### Data to examine
###
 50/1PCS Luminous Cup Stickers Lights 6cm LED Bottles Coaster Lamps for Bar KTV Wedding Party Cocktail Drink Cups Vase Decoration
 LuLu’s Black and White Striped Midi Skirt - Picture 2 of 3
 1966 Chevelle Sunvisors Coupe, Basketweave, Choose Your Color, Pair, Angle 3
###
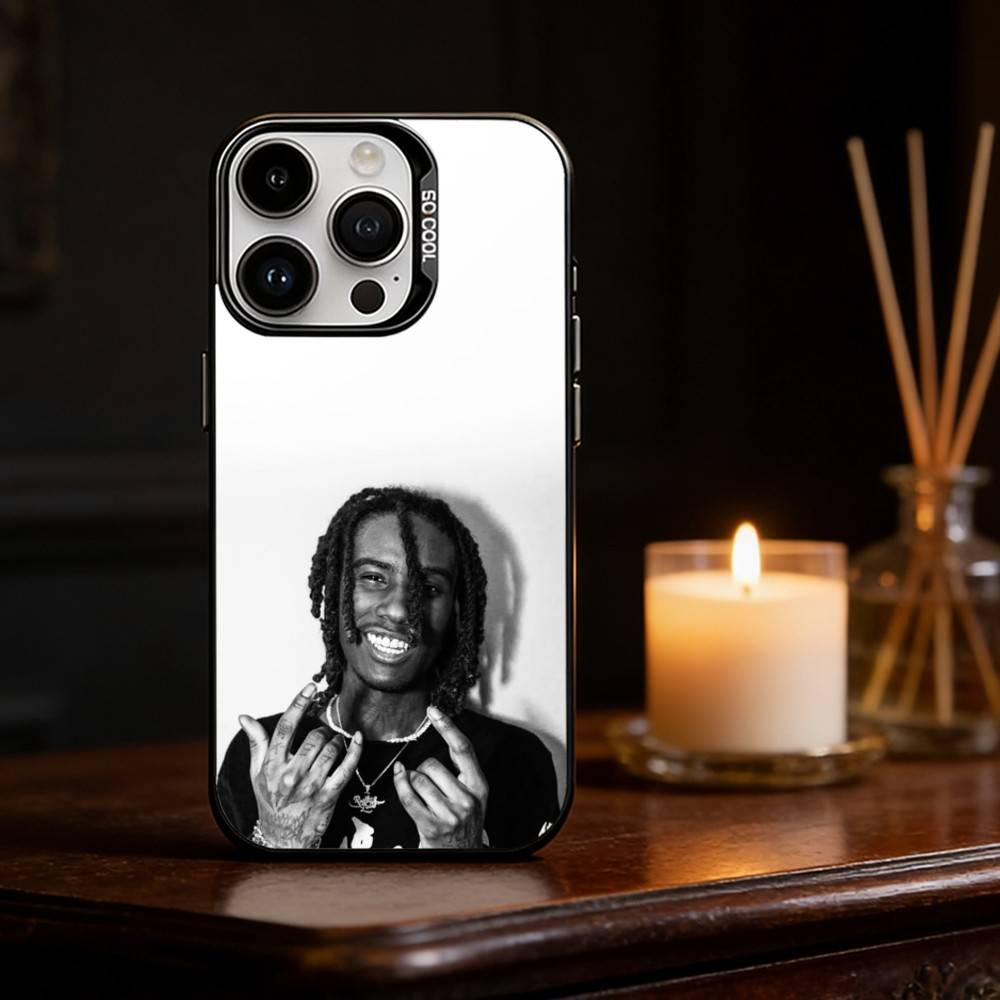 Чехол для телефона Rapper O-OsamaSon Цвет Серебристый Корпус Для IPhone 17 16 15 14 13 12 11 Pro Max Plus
###
### Work item
From the records above, extract exactly and only the lines that begin at the line with "LuLu’s Black and" and stop after the line with "1966 Chevelle Sunvisors".

### Answer box
 LuLu’s Black and White Striped Midi Skirt - Picture 2 of 3
 1966 Chevelle Sunvisors Coupe, Basketweave, Choose Your Color, Pair, Angle 3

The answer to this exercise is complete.